The bootstrap problem for a RAG eval set is uncomfortable: you need labeled queries to evaluate retrieval, you cannot label queries without knowing which chunks are relevant, and producing per-chunk relevance labels by hand at scale is exactly the kind of work that does not get done. Synthetic query generation breaks the loop by inverting the dependency: the chunk is the ground truth, and the LLM generates a query that the chunk would correctly answer. The query is synthetic, the relevance label is by construction.
The inversion
Take a chunk. Ask an LLM to write a question that the chunk answers. Record the (query, chunk_id) pair with the chunk_id as the ground-truth relevance label. Repeat across a sampled subset of chunks. The output is a labeled retrieval set whose labels are mechanically correct because the query was generated against the chunk [1]. The same flow can produce generation labels by asking the LLM to write an answer alongside the question, conditioned strictly on the chunk.
The caution for any synthetic ground truth applies: an LLM-written gold answer is a hypothesis about correctness, not the truth, and a human pass over a fraction of the set is non-optional [2].
A runnable generator
# synth_queries.py
import json, random
from pathlib import Path
from anthropic import Anthropic
client = Anthropic()
PROMPT = """Write one question the passage below answers. The question
should be specific enough that the passage is the only plausible source.
Phrase it the way a user would, not the way the document phrases itself.
Do not include the answer.
Passage (chunk id {chunk_id}):
\"\"\"{chunk_text}\"\"\"
Return JSON: {{"question": "...", "answer": "...", "rationale": "..."}}"""
def make_pair(chunk_id: str, chunk_text: str) -> dict | None:
out = client.messages.create(
model="claude-opus-4-7", max_tokens=512,
messages=[{"role": "user", "content":
PROMPT.format(chunk_id=chunk_id, chunk_text=chunk_text)}],
)
try:
payload = json.loads(out.content[0].text)
except json.JSONDecodeError:
return None
return {
"id": f"synth-{chunk_id}",
"query": payload["question"],
"relevant_chunk_ids": [chunk_id],
"reference_answer": payload["answer"],
"source": "synth-llm",
"needs_human_review": True,
}
Every row carries needs_human_review: True so the set cannot be used in CI until a human signs off on a subset.
Sampling
Uniform random sampling over indexed chunks produces a set whose retrieval difficulty matches the corpus distribution, which is rarely what you want.
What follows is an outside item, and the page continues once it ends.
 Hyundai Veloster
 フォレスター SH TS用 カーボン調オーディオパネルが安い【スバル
You want oversampling on chunks that matter (recent, high-traffic, policy) and undersampling on near-duplicates that would produce the same question ten times. A reasonable mix: one-third uniform, one-third stratified by document type, one-third sampled from clusters (one question per cluster) [3].
Building in difficulty
Default synthetic queries are easy: the model paraphrases the chunk, the retriever finds it. Three patterns force probes of the retriever's real capability.
Multi-hop queries combine information from two or more chunks. Take a pair that share an entity, ask the LLM to write a question that requires both. Ground truth becomes the set of chunk ids.
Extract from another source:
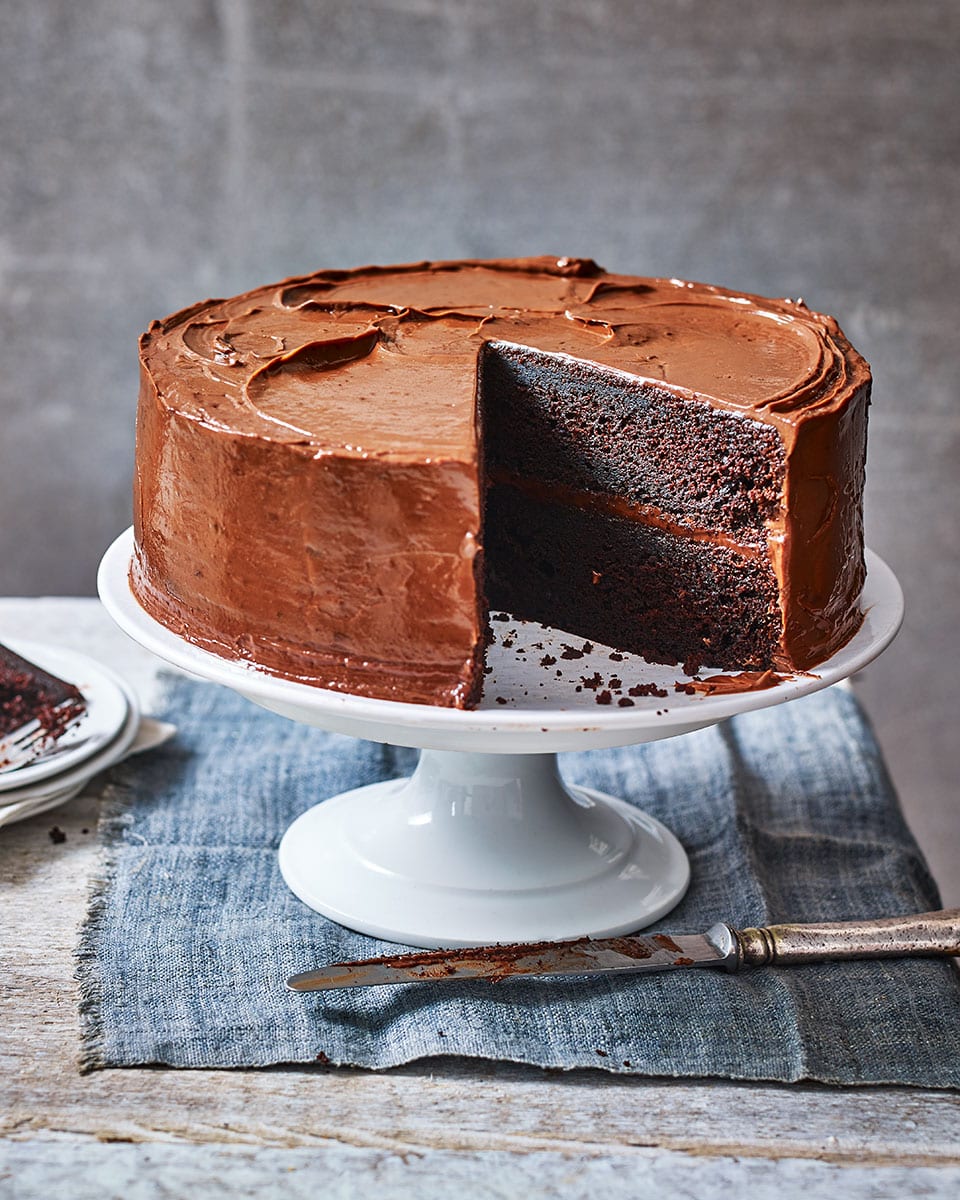 Featured image of post Steps to Make Mary Berry Chocolate Cake Recipe Uk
Paraphrased and adversarial queries strip lexical overlap with the source. The model writes in a different register, with synonyms, or under an unusual framing. A retriever leaning on lexical match will fail these; a dense retriever should not. The gap between easy and adversarial subsets is the diagnostic.
Negative queries are questions the corpus does not answer. Sample a chunk, ask the LLM to write a question about a topic the chunk does not cover. Ground truth is the empty set; the right behavior is for the retriever to return nothing relevant, or for generation to refuse. A measured fraction of negatives makes the eval honest about over-retrieval [4].
RAGAS testset generation
Ragas ships a testset generator that wraps the chunk-to-query flow with the difficulty mix above. It produces single-hop, multi-hop, and reasoning-required queries in measured proportions, and emits a dataset object that plugs into the Ragas scoring pipeline [5]. Useful for a first set in an hour. Not useful as a final calibrated set: read every example and rewrite a quarter of them before promoting.
The honesty check
Synthetic queries sound like the document. A real user asks "do you have anything for fri night," not "what is the available capacity on the date specified as Friday." If your synthetic queries are all written in the document's register, retrieval scores will be optimistic relative to production. Two-step calibration: sample a hundred real production queries, label by hand, compare retrieval metrics between synthetic and real subsets. If synthetic numbers are more than five points higher, the synthesizer prompt is too document-aligned.
CAUTION
Never gate releases on a synthetic-only set. Synthetic queries are excellent for bootstrapping and breadth, and they will silently mislead if they become the only thing you measure. A production split has to be in the gate.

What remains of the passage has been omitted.